In a rare public rebuke of a media outlet, Los Angeles Police Chief Charlie Beck called out CBS2/KCAL 9 news and its investigative reporter, David Goldstein, for “ambushing” a department assistant chief during an event called “LAPD Recognition Day.”

In a letter sent to station general manager Steven Mauldin last week, Beck stated that “… considering the excellent working relationship that we enjoy with KCBS2/KCAL9, I am hopeful that in the future, your reporters and producers will not feel the need to ambush LAPD personnel. Had your reporter requested an interview in advance, the assistant chief would have spoken to the reporter once he had an opportunity to investigate the facts.”

The LAPD official in question appears to be Assistant Chief Earl Paysinger.
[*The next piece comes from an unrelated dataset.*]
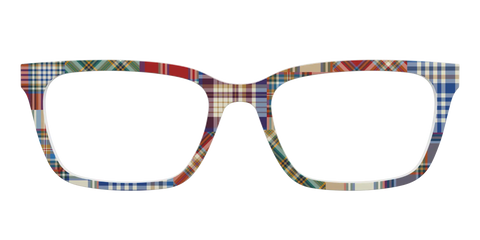The Patchwork Plaid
Goldstein's piece, a package that has run during May sweeps, focuses on city and county law enforcement personnel who take advantage of a state law allowing people in such sensitive positions to obtain confidential license plates for themselves or family members.
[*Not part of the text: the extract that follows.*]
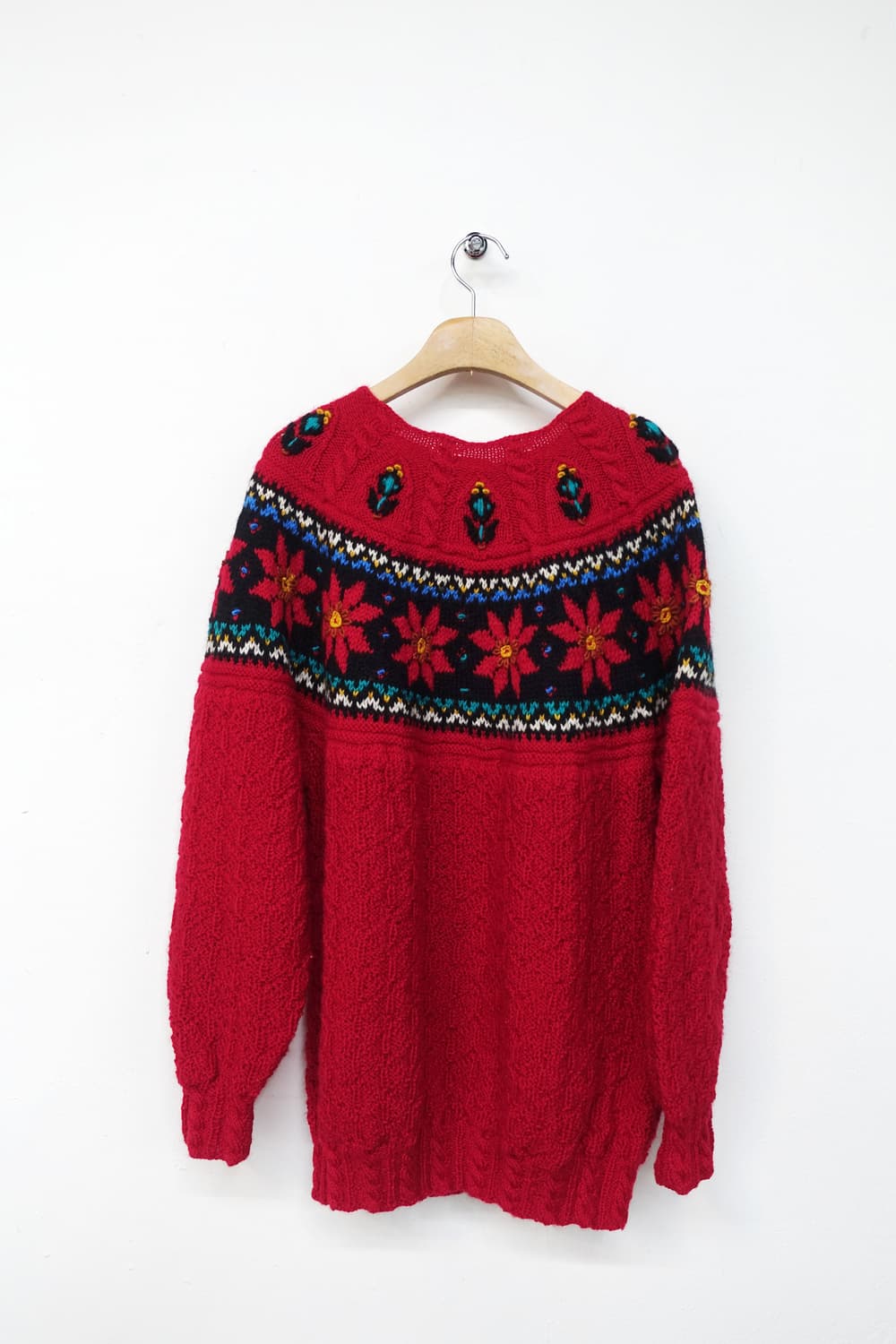 DALE OF NORWAY made in norway 니트 상품이미지8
The addresses attached to the plates are hard to track down, giving the authorities some piece of mind when they're dealing with bad guys. But parking tickets to vehicles with confidential plates sometimes don't reach their targets. Goldstein seems to be alleging that some cops take advantage of their confidential plates by failing to pay for their parking tickets, too.

He reported that, in Paysinger's case, “We found 18 unpaid tickets since 2006 on a car that was registered to him and his son. They have since sold it.”

Beck states that confidential-plate owners who receive parking tickets in the city of L.A. pay the fines promptly at a rate of 70 percent — better than the 45 percent for the general public. He also said that Paysinger and other department employees who had failed to pay parking tickets were unaware they even had been issued (an “oversight” he said would be addressed).

Paysinger, Beck said, has paid up; two other employees have been put on notice to pay their tickets.

In any case, Beck argues, the LAPD Recognition Day event “where a number of LAPD command and staff officers were honoring the recipients of the department's highest awards” was the wrong occasion to confront a department leader about the tickets.